Reservoir Sampling: Sample Any Stream Without Seeing Its End

May 26, 202617 min read
dsaalgorithmsinterview-prepdata-structures
Reservoir Sampling: Sample Any Stream Without Seeing Its End
TL;DR
  • Reservoir sampling solves uniform random k-item sampling from a stream of unknown length in O(n) time and O(k) space with a single pass.
  • Algorithm R fills the first k slots, then accepts each new item at position i with probability k/(i+1) by drawing j uniformly in [0, i] inclusive.
  • Correctness follows by induction: after m items each has probability k/m in the reservoir; multiplying by the survival factor m/(m+1) gives k/(m+1) at every step.
  • Algorithm L reduces expected random number calls to O(k log(n/k)) by skipping to the next swap position via a geometric-like distribution.
  • Weighted reservoir sampling (Efraimidis-Spirakis A-ES 2006) assigns key = U^(1/weight) and maintains a min-heap of size k, achieving O(n log k) time.
  • The range bug: generating j in [0, i) instead of [0, i] silently biases the sample from the first element beyond the reservoir.
  • Pattern signals: "return random node," O(1) or O(k) space constraint, single-pass or non-rewindable stream, or unknown n all point to reservoir sampling.

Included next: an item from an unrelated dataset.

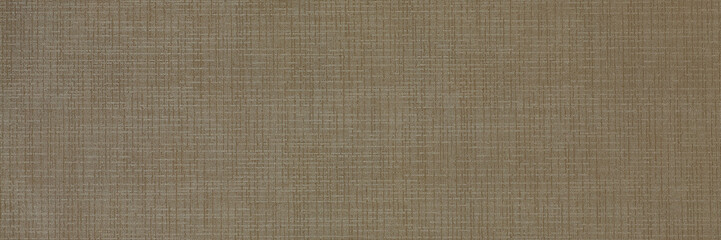 Artificial Leather Background Synthetics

You have a data stream. Could be a file you're reading line by line. Could be a live feed of network packets. Could be a database cursor scanning a billion rows you absolutely refuse to load into memory because you've seen what happens when someone tries. You want a random sample of k items. Equal probability for every item. One catch: you don't know how many items are in the stream until you hit the end.

That's the problem. Reservoir sampling solves it in a single pass with O(k) memory, no matter how large the stream turns out to be.

The mental model: fill a bucket with the first k items, then for every new item that arrives, flip a biased coin and maybe swap it in. By the time the stream ends, the bucket holds a perfectly uniform random sample. The whole thing takes about fifteen lines of code. You'll feel like you're missing something. You're not.


Why You Can't Just Generate Random Indices

The obvious approach: if the stream has n items, generate k distinct random indices in [0, n-1], collect those items, done. O(k) space. Clean.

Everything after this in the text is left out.